### [EXERCISE AIM]
When you reach the line containing "Foto-Archiv", start transcribing exactly and continue through the last line of the data, skipping every picture.

### [RECORDED INFORMATION]
- - - -

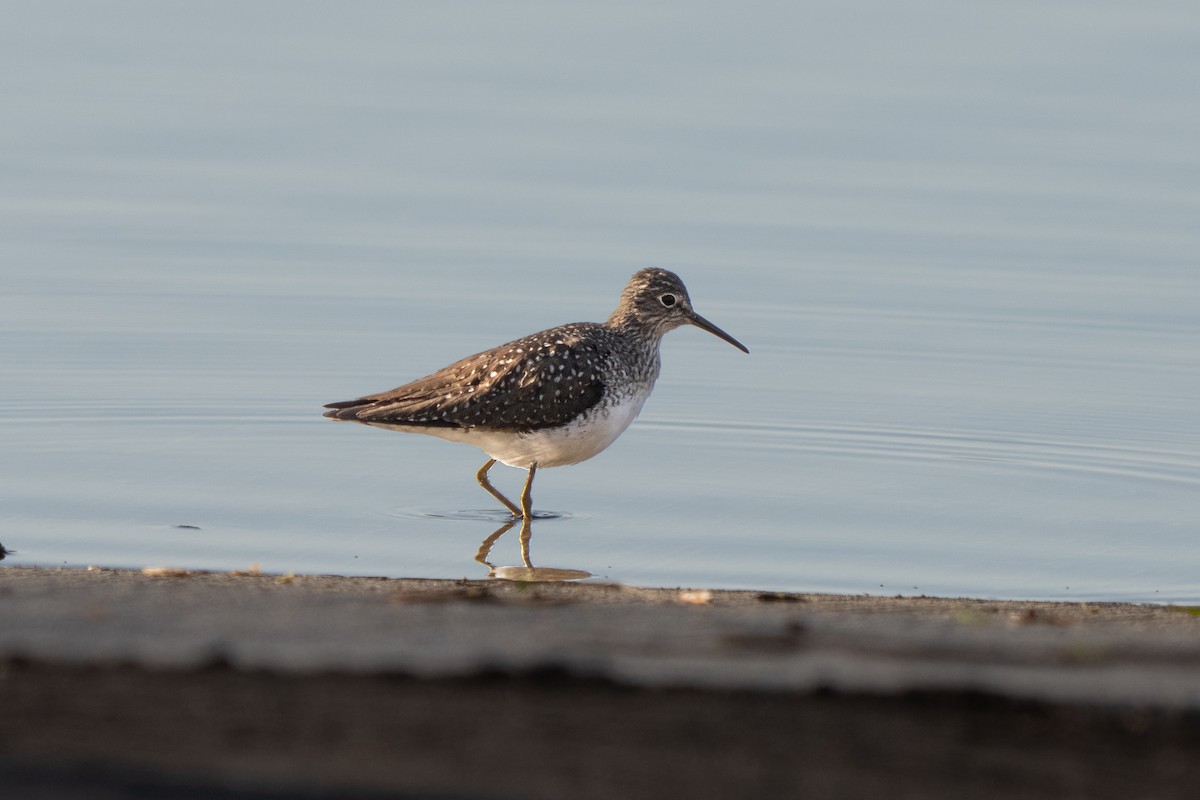 Einsiedelwasserläufer - ML641525723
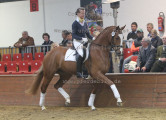Foto-Archiv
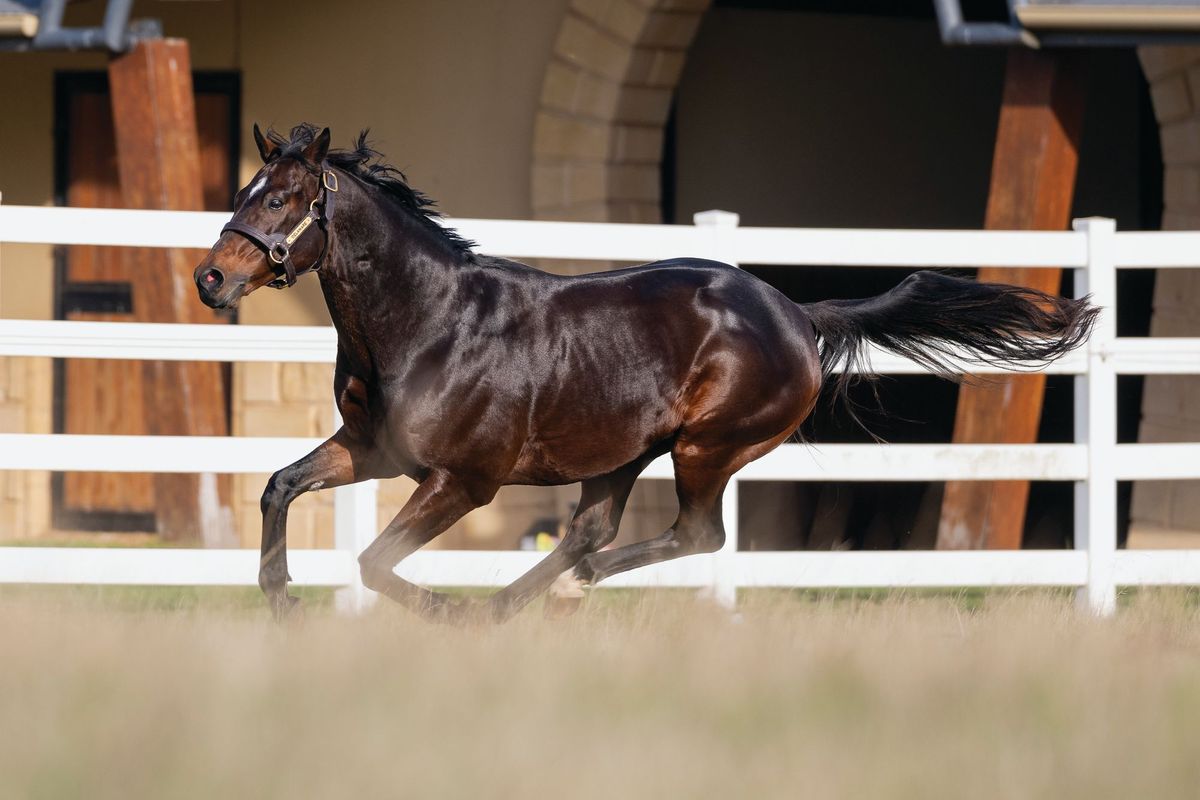 Proven success at Woodside Park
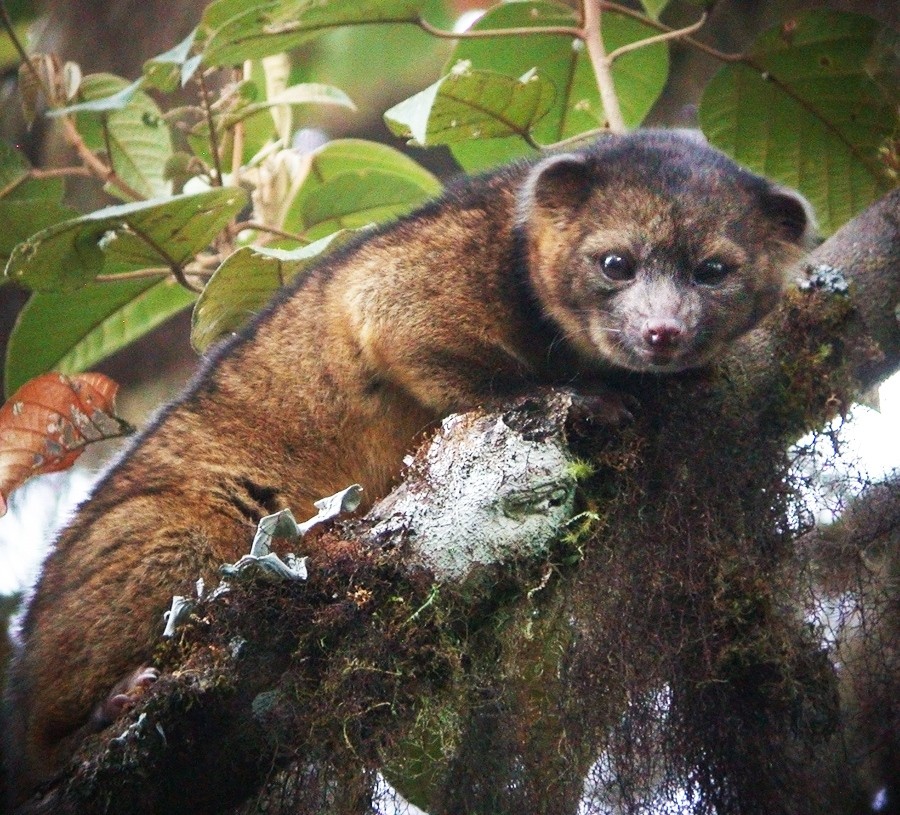 Cute mammal is first carnivore discovered in Western Hemisphere for 35  years | Nature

- - - -

### [TASK ANSWER]
Foto-Archiv
 Proven success at Woodside Park
 Cute mammal is first carnivore discovered in Western Hemisphere for 35  years | Nature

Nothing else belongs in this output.